OVER THE LAST SIX MONTHS, some of the most powerful leaders in the world have paid official visits to India. Most of them came primarily to sign contracts, especially those from Western countries facing economic crises. Barack Obama and Nicolas Sarkozy claimed that they sold respectively 15 billion dollars and 15 billion euros worth of civil and military equipment to India. The former immediately converted his figure into jobs, declaring that these contracts represented 50,000 American jobs.
India, with an annual seven percent growth rate over the past ten years, has become one of the world’s most dynamic economies, second only to China among emerging countries. It needs to build infrastructure in transportation, communication and energy—and the West is more than happy to not only sell the needed equipment, but also to transfer the technology when India asks for it.
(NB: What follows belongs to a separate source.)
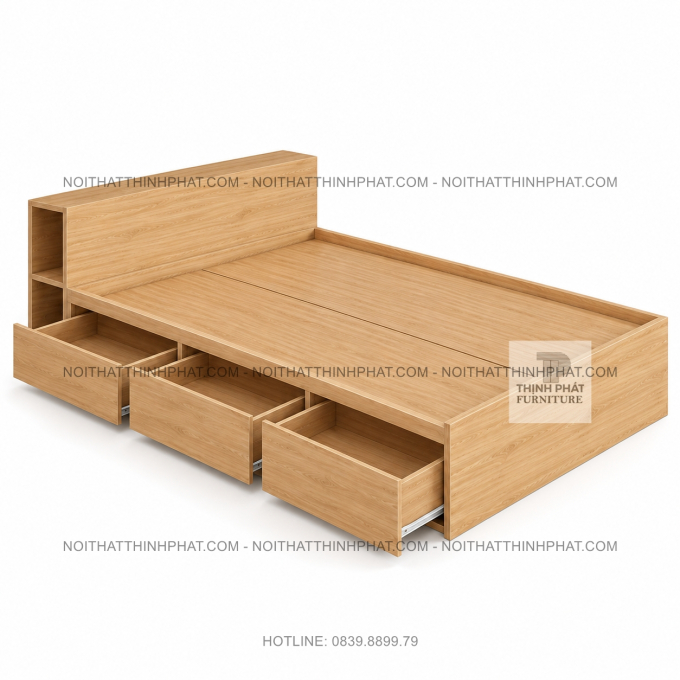 Giường Ngủ MDF Vân Gỗ Sáng, Ngăn Kéo Và Kệ Đầu Giường GN44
This contract-driven diplomacy results in new attitudes among Western visitors. First, it exacerbates competition between them. This is especially problematic for the Europeans who are supposed to be part of a ‘Union.’ The Indians will find it more and more difficult to look at the EU as a political entity if member leaders continue to come, one after another, to sell their industrial products—something they can use to bring prices down. Second, this competition for markets leads many Western visitors to indulge in a new form of Pakistan-bashing. David Cameron and Nicolas Sarkozy described India’s neighbour as a crucible of terrorism while on Indian soil, something unimaginable before.